Mr Quinn said his nephew seemed to have "a desperate fear of prison", and while he was also scared of going to jail, he was willing to do so.

"If you've been running a business for 38 years, you're approaching your 66th birthday, you've never owed a man a penny or done anyone any grievance in your life, and you feel hard done-by and try to protect yourself and your family, but go to prison, well if that's the society we're living in, I'm happy to accept that.

"Do I think it's wrong? Am I afraid of it? Yes I am.

"Will I back off it? Will I lose my pride?
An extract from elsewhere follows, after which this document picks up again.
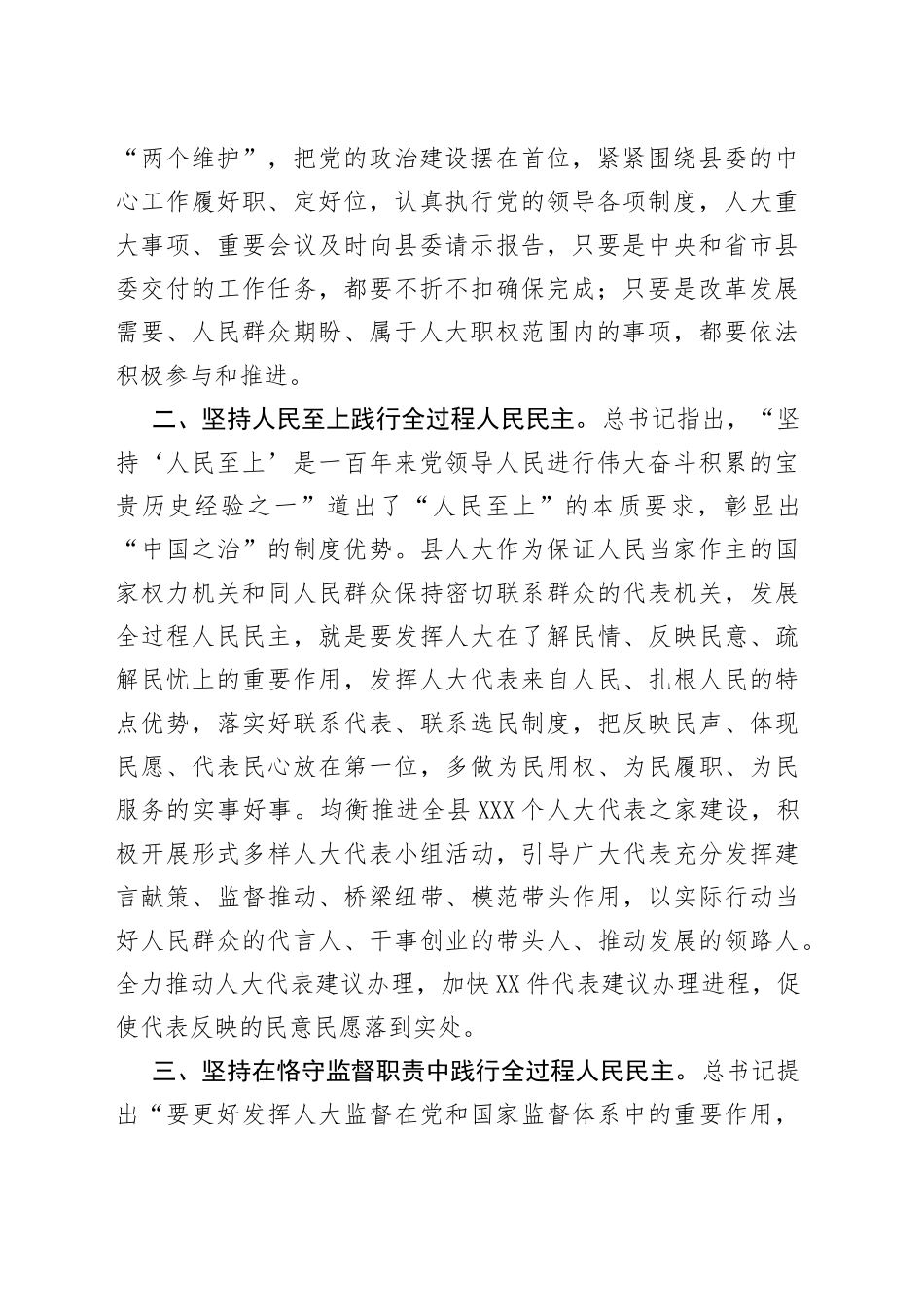 人大主任中心组学习研讨发言提纲_第2页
I won't.

"If Anglo feels it hasn't done enough damage to me already by taking my money, my company, my reputation, if they want to finish it off by putting me in prison, then so be it - I'll accept that."

The Irish state bailed out the Anglo Irish Bank in 2009 when it failed, at a cost of about 30bn euros (£23.4bn) to taxpayers.

The IBRC's function is now to recover money for the Irish taxpayer.

The bank is owed £2bn by Sean Quinn and sought to recover some of that from property owned by him in Russia and Ukraine.

However, the bank found itself locked out of the company that controlled the Quinn property portfolio and found that the money and ownership was disappearing into a network of companies across the world.

'PR campaign'

Ireland's Supreme Court is to hear an appeal in October by Sean Quinn Jnr against the findings of contempt against him and his committal to prison.

Mr Quinn said it was "sad to see what has happened" to his companies, but he believed his family would eventually be vindicated.

"I was never one to run away from trouble - I intend to continue to fight my corner and try to redeem our reputation in some way," he said.

"It's very difficult when you see the PR campaign that Anglo have built up against us.

"A lot of the media would be very anti-Quinn and have fallen hook, line and sinker for the Anglo story where they are the good guys.

"It's difficult to turn that but I hope the public are able to get the proper story in time."